Lines from the one containing "Dúplex de 3" to the end of the records, both ends included and exactly as written, are the whole answer, and no pictures go in it.

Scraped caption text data

*** Block opens ***

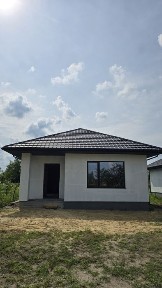 Будинок (американка) єОселя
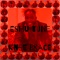 Knee Brace (feat. Haile Supreme) - Eshu Tune & Hannibal Buress lyrics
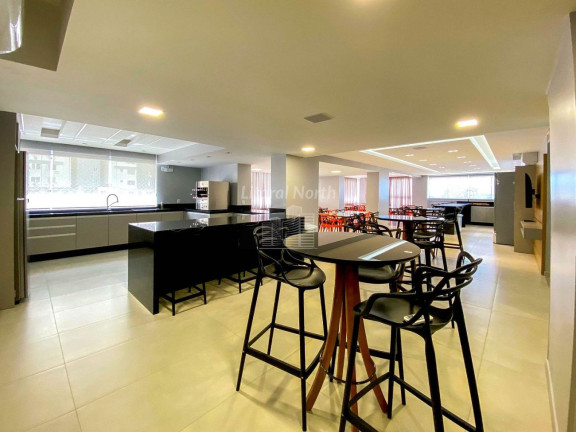 Imagem Apartamento com 2 Quartos à Venda, 86 m² em Centro - Balneário Camboriú Imagem Apartamento com 2 Quartos à Venda, 86 m² em Centro - Balneário Camboriú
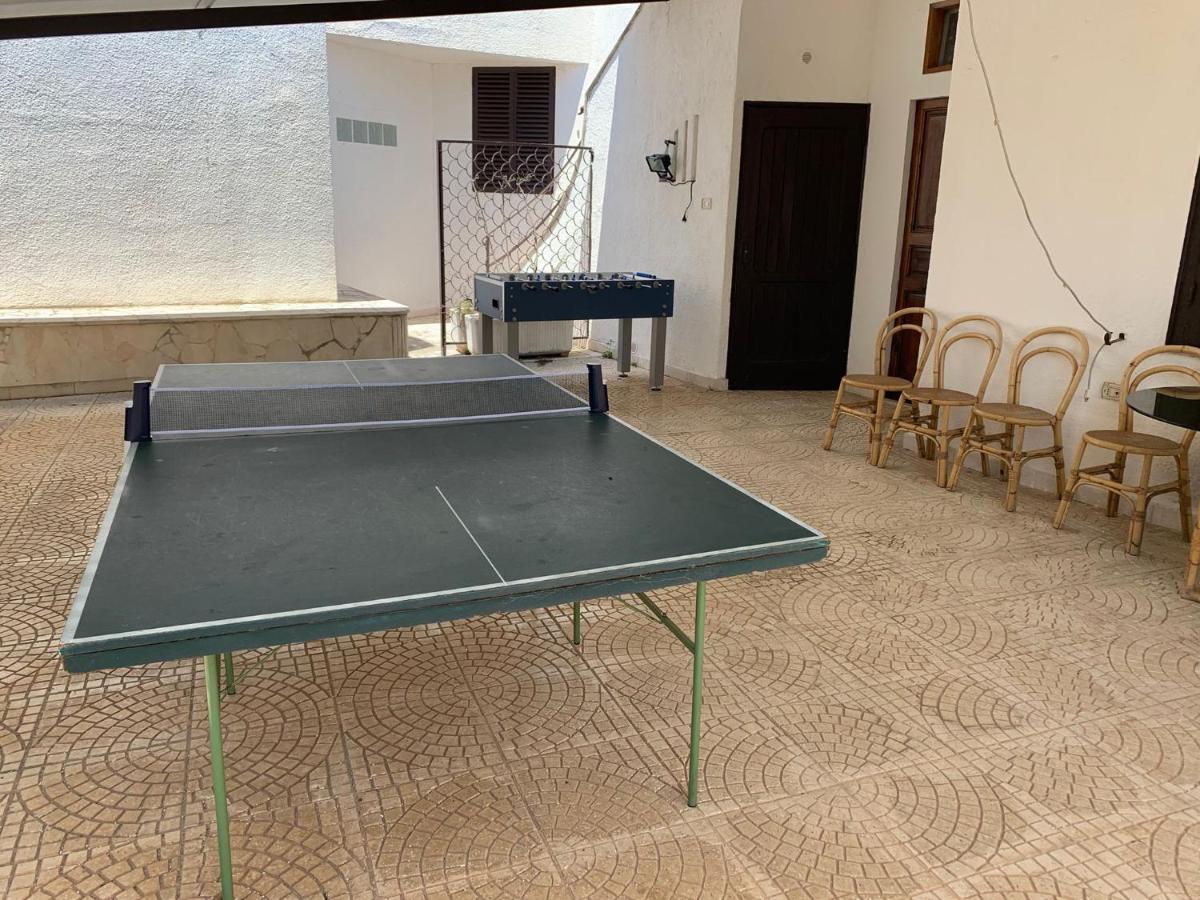 Villa Cecilia بولينيانو آ ماري المظهر الخارجي الصورة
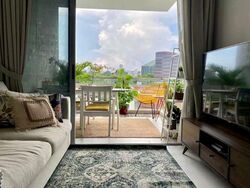Liberte (D10), Apartment #548055751
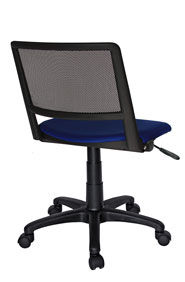 Miniatura: OHS-85 cromo o nylon  Revolution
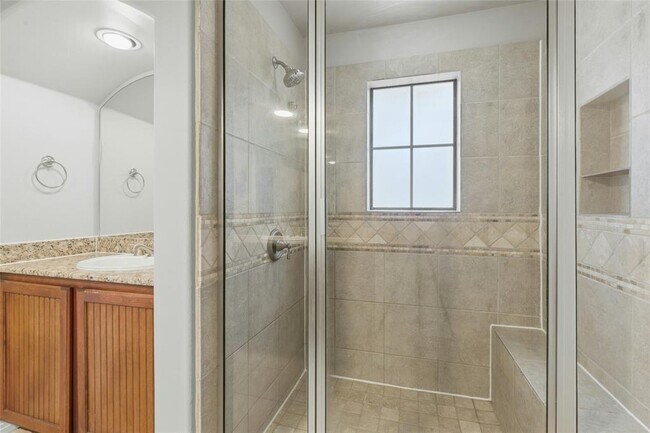 Building Photo - 8917 Old Lampasas Trail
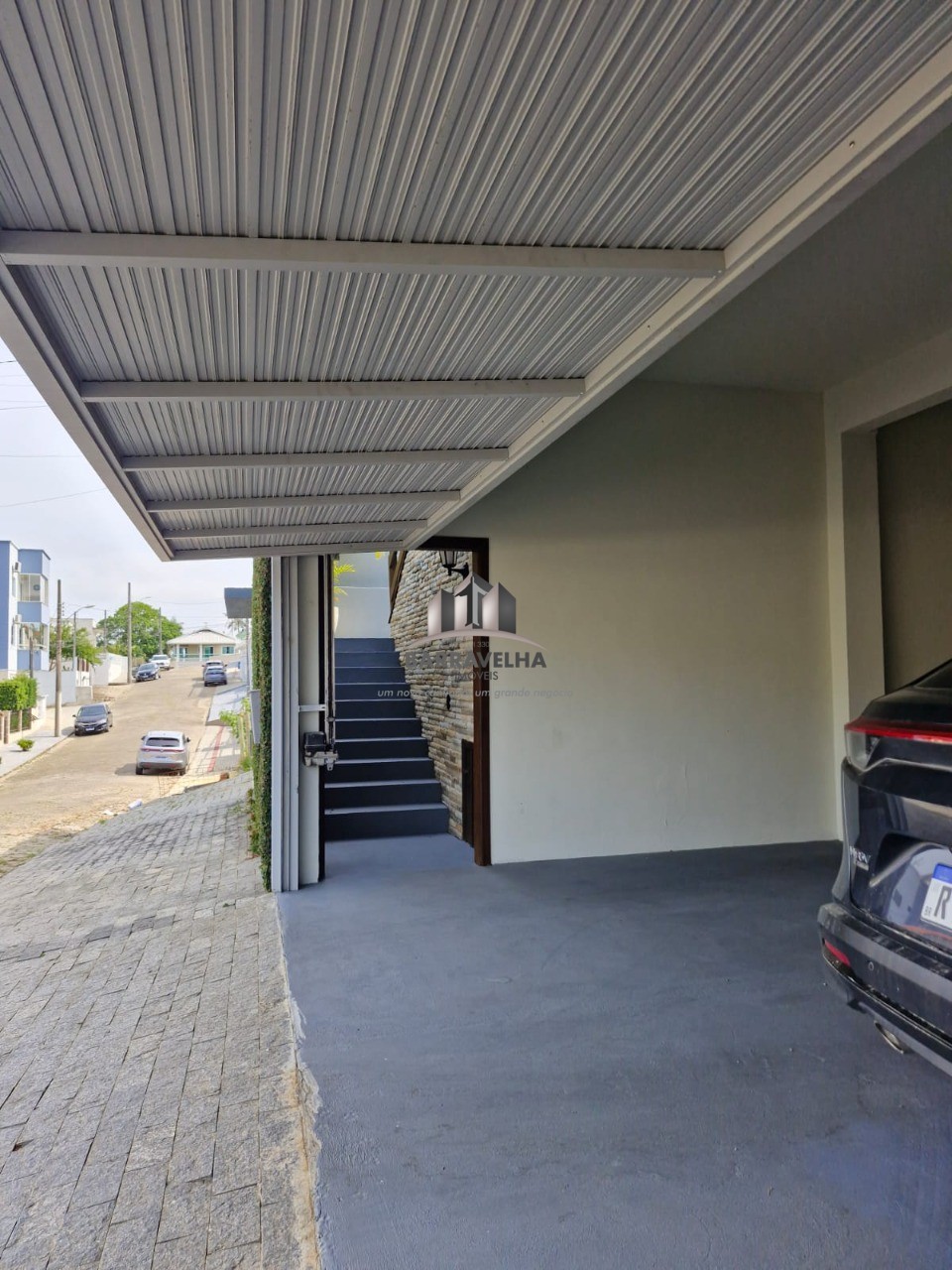 Casa, 4 quartos, 184 m² - Foto 4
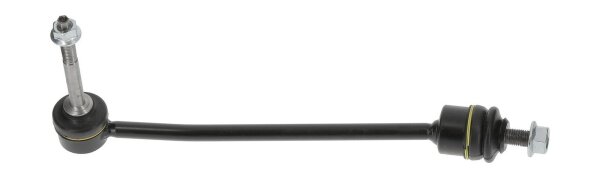 MOOG ME-LS-15552 Stange/Strebe, Stabilisator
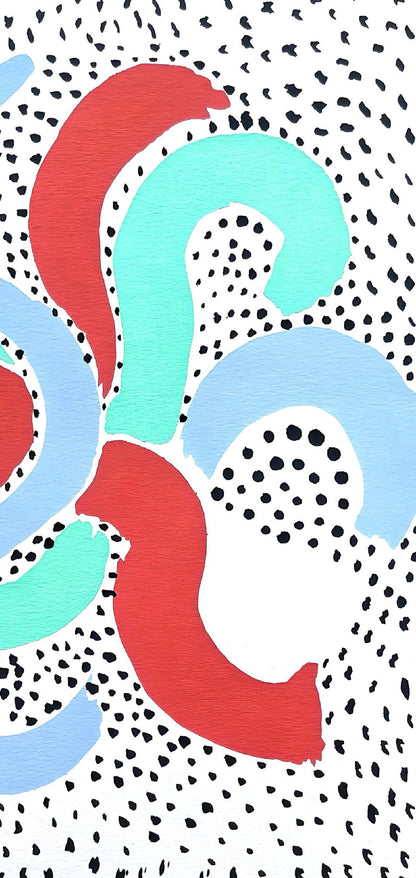 Sonia Delaunay, Planche No. 28, Compositions, Couleurs, Ides: Sonia Delaunay, Lithograph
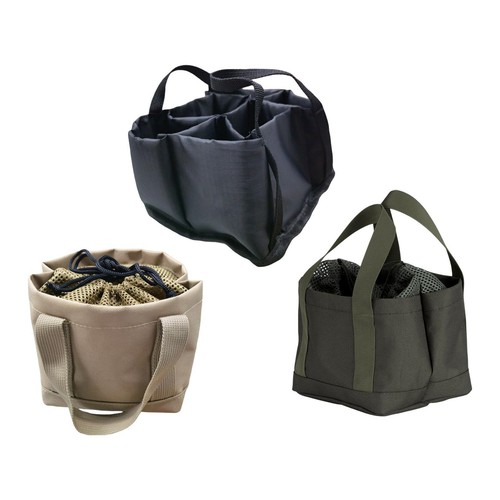 Sac rangement camping - de,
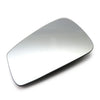 BMW F48 Side Wing Mirror Glass (2015-2023)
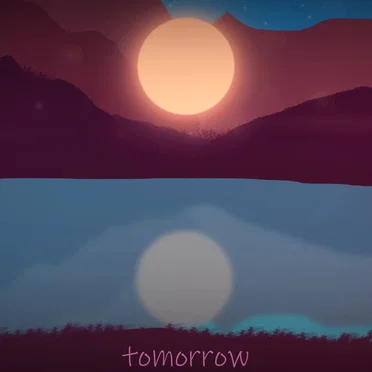 Tomorrow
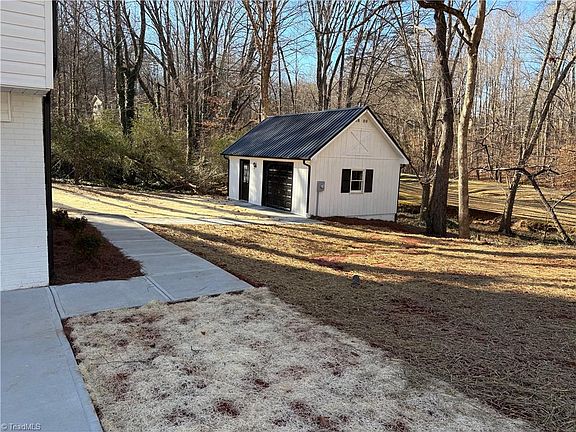 2nd image of 242 Westridge Dr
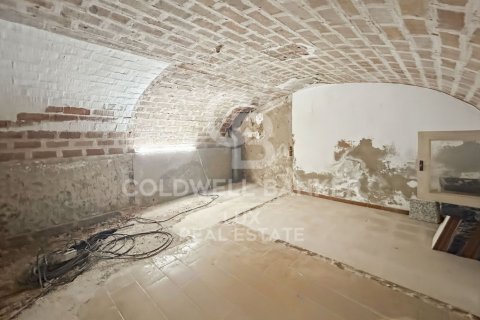 Dúplex de 3 dormitorios en venta en Girona, Gerona, Cataluña, Spain № 7757 - foto 4
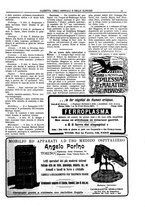 giornale/UM10002936/1913/V.34.1/00000927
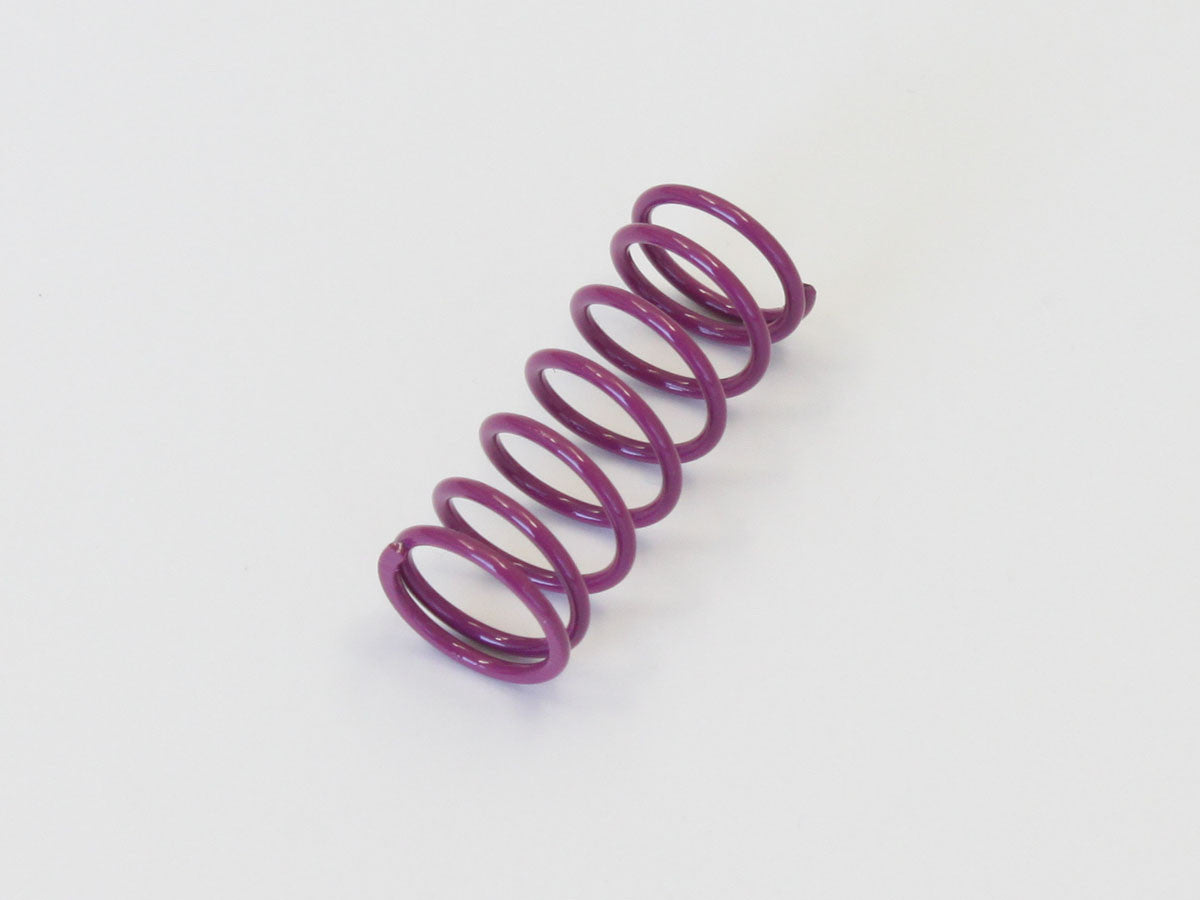 PZW013H 1.2mm Spring (Hard)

*** Block closes ***

**Written response:**
 Dúplex de 3 dormitorios en venta en Girona, Gerona, Cataluña, Spain № 7757 - foto 4
 giornale/UM10002936/1913/V.34.1/00000927
 PZW013H 1.2mm Spring (Hard)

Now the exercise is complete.